Kvant Math Problem 2834
Let the original integers be $a_1, a_2, \dots, a_n$ and let $S = a_1 + a_2 + \cdots + a_n$.
Verified: yes
Verdicts: PASS + PASS
Solve time: 19m28s
Source on kvant.digital
Problem
We call a set of numbers lucky if it cannot be partitioned into two nonempty groups such that the product of the sum of the numbers in one group and the sum of the numbers in the other group is positive. The teacher has written several integers on the board. Prove that the students can add one more integer to the existing ones so that the resulting set is lucky.
A. Kuznetsov
All-Russian Olympiad in Mathematics (LI, regional stage)
Exploration
Let the original integers be $a_1, a_2, \dots, a_n$ and let $S = a_1 + a_2 + \cdots + a_n$. We are allowed to add one integer $x$, forming the set ${a_1,\dots,a_n,x}$.
A partition into two nonempty groups corresponds to choosing a nonempty proper subset $A$ of the augmented set. If we denote $B$ as the complement, the condition that the set is not lucky means there exists $A$ such that
$\left(\sum_{a \in A} a\right)\left(\sum_{b \in B} b\right) > 0,$
so both sums are either strictly positive or strictly negative.
This suggests controlling the total sum after adding $x$, since for any subset $A$,
$\sum_{b \in B} b = (S + x) - \sum_{a \in A} a.$
If the total sum is forced to be $0$, then every pair of complementary sums is of the form $T$ and $-T$, whose product is always nonpositive. This immediately prevents the existence of a partition with positive product.
Thus the natural candidate is to choose $x = -S$.
A potential concern is whether some degenerate partition could violate the condition, but if the total sum is zero, the product structure becomes symmetric and always nonpositive, so no contradiction arises.
Problem Understanding
This is a Type D problem.
We are given an arbitrary finite set of integers. We must show that it is always possible to add one integer so that the resulting set has the property that no partition into two nonempty subsets yields two subset sums of the same strict sign.
The key idea is to enforce that the total sum of the new set becomes zero, which forces every partition to produce opposite-signed or zero-sum complementary parts, eliminating any possibility of a positive product.
The construction is expected to be the negation of the sum of the original numbers.
Proof Architecture
First, define the sum $S$ of the original set and choose $x = -S$, ensuring the augmented total sum equals zero.
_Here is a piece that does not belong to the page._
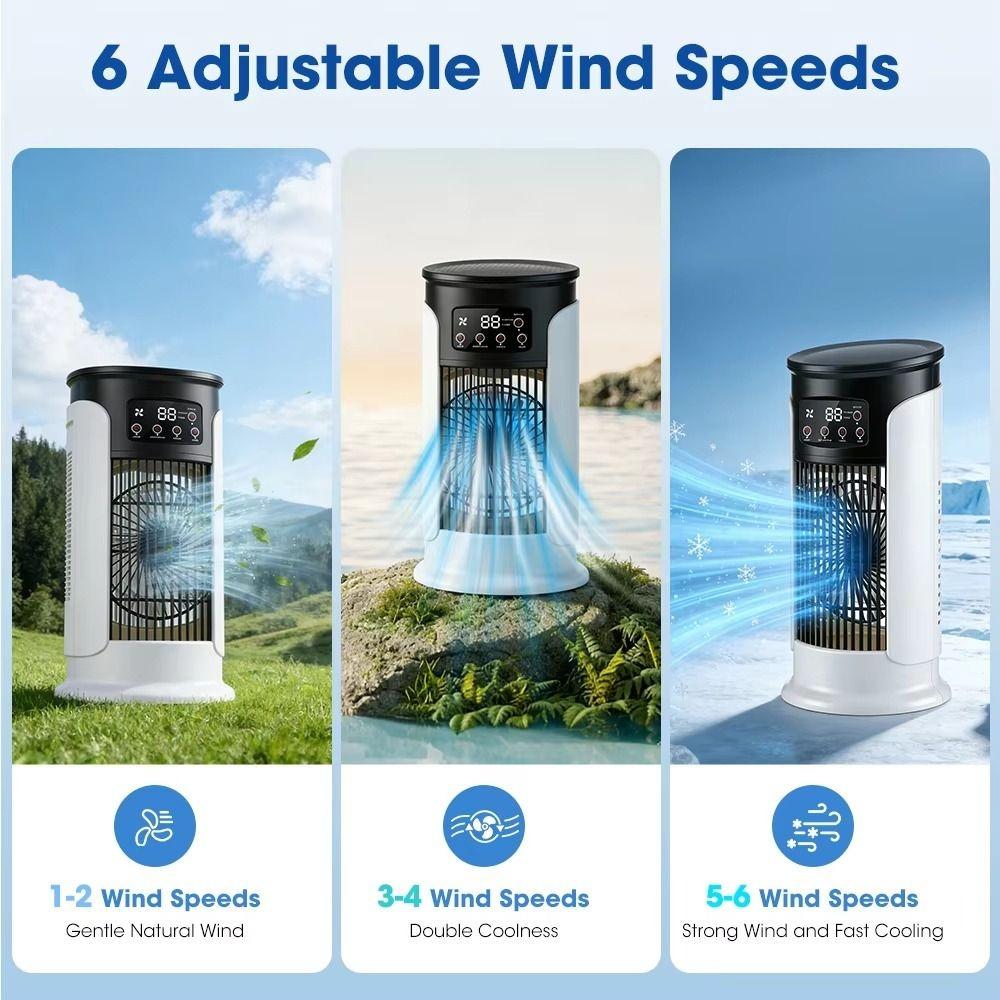 Low-Noise Operation Air Cooler Fan Compact Design Portable Air Conditioner Personal Cooling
Second, prove that for any partition of the augmented set into two nonempty subsets, the sums of the two parts are negatives of each other.
Third, show that the product of a number and its negative is nonpositive, which excludes positivity.
Fourth, verify that all partitions are covered, including those separating $x$ from the original elements.
The most delicate point is ensuring that every possible partition is accounted for under the symmetry induced by total sum zero.
Solution
Let the given integers be $a_1, a_2, \dots, a_n$, and let
$S = a_1 + a_2 + \cdots + a_n.$
Define the additional integer
$x = -S.$
After adding $x$, the total sum of all elements in the new set equals
$a_1 + \cdots + a_n + x = S - S = 0.$
Consider any partition of the augmented set into two nonempty disjoint subsets $A$ and $B$. Let
$s_A = \sum_{a \in A} a, \quad s_B = \sum_{b \in B} b.$
Since $A \cup B$ is the entire set, we have
$s_A + s_B = 0,$
hence
$s_B = -s_A.$
Therefore,
$s_A s_B = s_A(-s_A) = -s_A^2 \le 0.$
This shows that for every partition into two nonempty groups, the product of the sums of the two groups is never positive. Hence no partition satisfies the condition required to violate the “lucky” property, and the resulting set is lucky.
Thus the integer $x = -S$ ensures the desired property.
Verification of Key Steps
The critical identity $s_A + s_B = 0$ follows directly from the fact that $A$ and $B$ form a partition of a set whose total sum is zero; every element contributes exactly once to either $s_A$ or $s_B$, so their sum equals the total sum.
The sign condition reduces entirely to the algebraic expression $-s_A^2$, which is nonpositive for every real number $s_A$, including the case $s_A = 0$, where the product equals zero and still does not violate the required inequality.
Every partition, including those isolating the added element $x$, is covered because the derivation does not depend on the structure of $A$, only on completeness of the partition.
Alternative Approaches
An alternative viewpoint is to choose $x$ so that it dominates all partial sums of subsets of the original set in absolute value, forcing one of the two subset sums in any partition to change sign. This leads to more complicated bounding arguments and case analysis over subsets.
The zero-total-sum construction is preferable because it eliminates all case distinctions and reduces the problem to a single identity $s_B = -s_A$, making the argument fully uniform and algebraic.